On Mon, Jan 24, 2011 at 10:29 AM, Michael Gardner <[email protected]> wrote:
> Thanks for the work, Ken.
You're welcome.
> Clojure's multi-threaded performance can be mysterious indeed
I think that may be generally true of multi-processing of every kind. :)
> Anyway, for now I will probably just stick with pmap + shuffle, since it's
> dead-simple
> and should be enough my purposes.
Probably a good idea, if keeping the input in order is not important.
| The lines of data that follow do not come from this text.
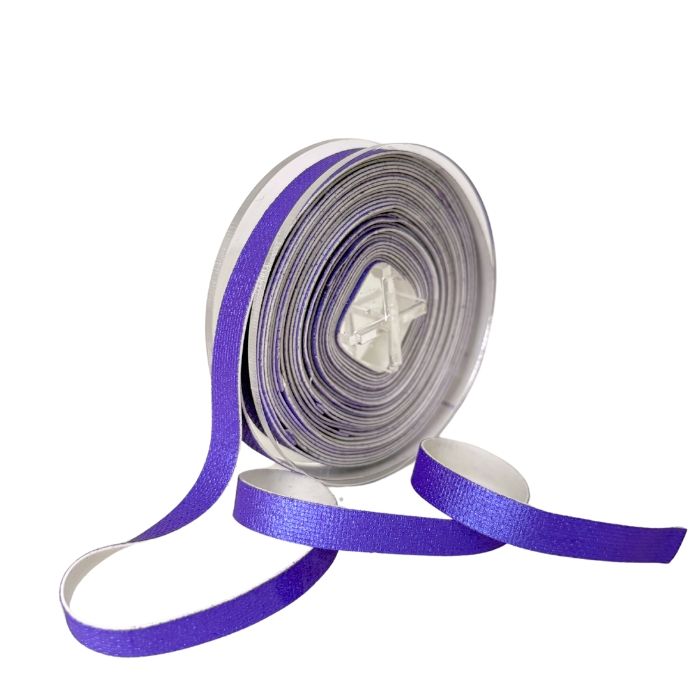 Edible Ribbon Metallic Purple Narrow (SKU MAB-108)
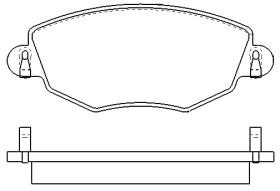 MOTRAM PF785 - P.FRENO DEL. 149*60 5*18MM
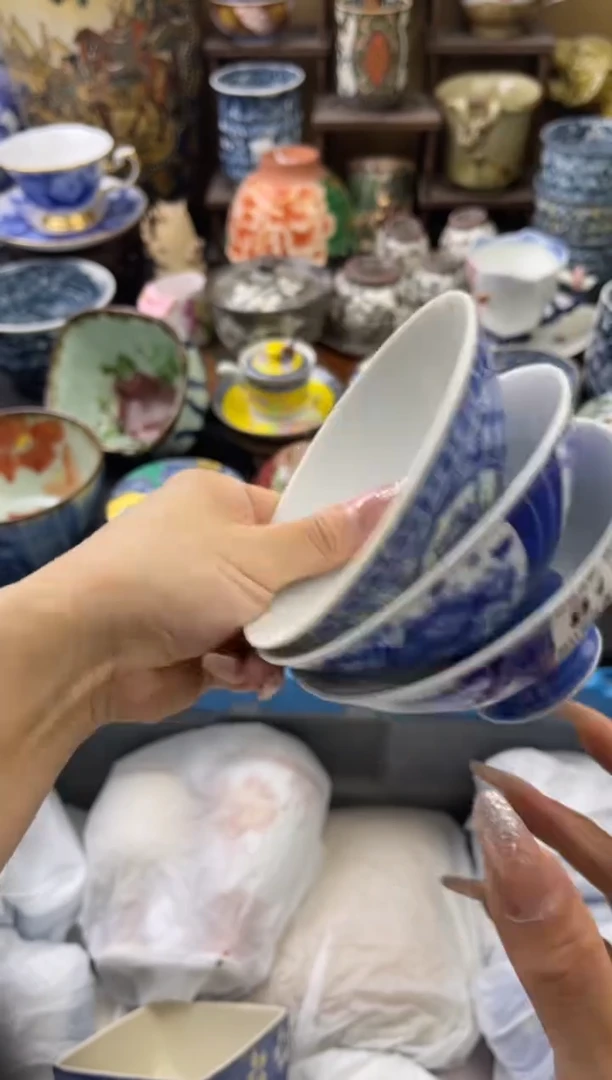 【闪购商品】瓷片817号六六瓷器工艺品瓷器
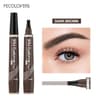 Waterproof 4Tip Eyebrow Pen  LongLasting Natural HairLike Brow Pencil 6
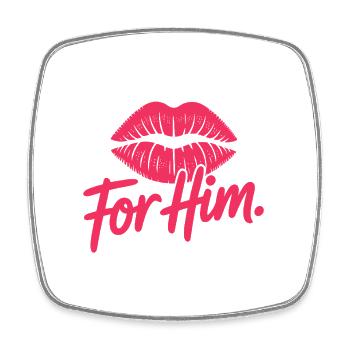 Too Pretty For Him Best Friend BFF Ex Breakup - Square fridge magnet - white - Front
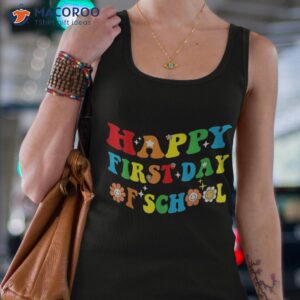 happy first day of school funny teachers kids back to shirt tank top 4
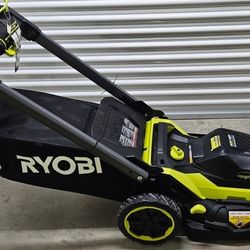 New Multi Blade 40v Ryobi Self-Propelled Lawnmower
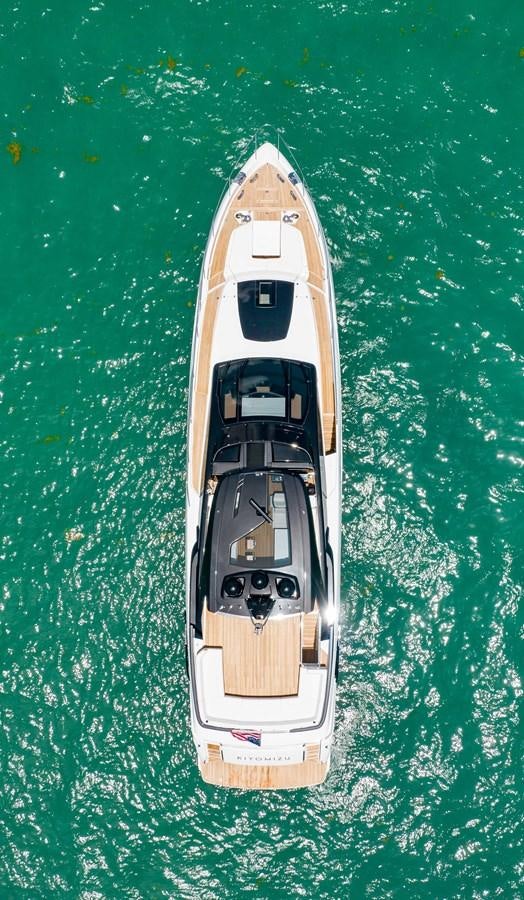 a boat on the water aboard KIYOMIZU Yacht for Sale
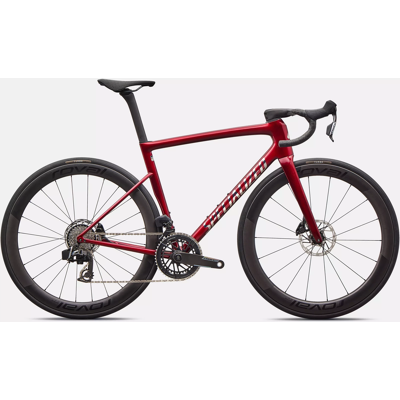 VELOS DE ROUTE Vélo Specialized Tarmac Sl8 Pro Axs Gloss Red Sky/Chrome 49 - Publicité VELOS DE ROUTE Vélo Specialized Tarmac Sl8 Pro Axs Gloss Red Sky/Chrome 49 - Publicité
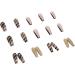 Black Marble French Tip Press On Nails Long with Gold Foil - 24Pcs - Buy Online on GoSupps.com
If you do need to keep the ordering, you can still do the items in a
somewhat perturbed order, if you're willing to give up some laziness:
(defn permute
"Applies a permutation to a vector. Permutation should be a vector
of same length with (range n) in some shuffled order. If v is shorter
than perm, just returns v."
[perm v]
(if (< (count v) (count perm))
v
(vec (map #(nth v %) perm))))
(defn i-perm
"Inverts a permutation."
[perm]
(let [r (range (count perm))]
(persistent!
(reduce
(fn [out [pi ix]] (assoc! out pi ix))
(transient (vec r))
(map vector perm r)))))
(defn shuffle
"Shuffles a vector"
[v]
(let [s (count v)]
(loop [out (transient v) n (dec s)]
(if (zero? n)
(persistent! out)
(let [i (rand-int (inc n))
t (out n)]
(recur
(assoc!
(assoc! out n (out i))
i t)
(dec n)))))))
Test that shuffle works:
user=> (frequencies (map shuffle (take 500 (repeat [1 2 3]))))
{[3 1 2] 88,
[2 3 1] 91,
[1 2 3] 83,
[2 1 3] 84,
[3 2 1] 82,
[1 3 2] 72}
All six possible permutations occur, at reasonably similar rates.
(defn jumbleize
"Returns a pair of functions one of which will jumble and one of
which will unjumble a seq; the seq is chunked into parts of
size n and those parts are jumbled. The functions are lazy in
that only one chunk is realized at a time."
[n]
(let [rn (vec (range n))
perms (repeatedly #(shuffle rn))
ips (map i-perm perms)
jumble (fn [s perm-seq]
(mapcat permute
perm-seq
(map vec (partition n n [] s))))]
[#(jumble % perms) #(jumble % ips)]))
(defn jumbled-pmap
"Like pmap, only the order in which it sees sequence elements is jumbled
somewhat, which may improve efficiency if easy and difficult jobs have a
regular arrangement in the input. Chunks the input by chunk-size and
jumbles each chunk internally before calling pmap; puts the output back
in order."
[chunk-size f & colls]
(let [[jumbler unjumbler] (jumbleize chunk-size)]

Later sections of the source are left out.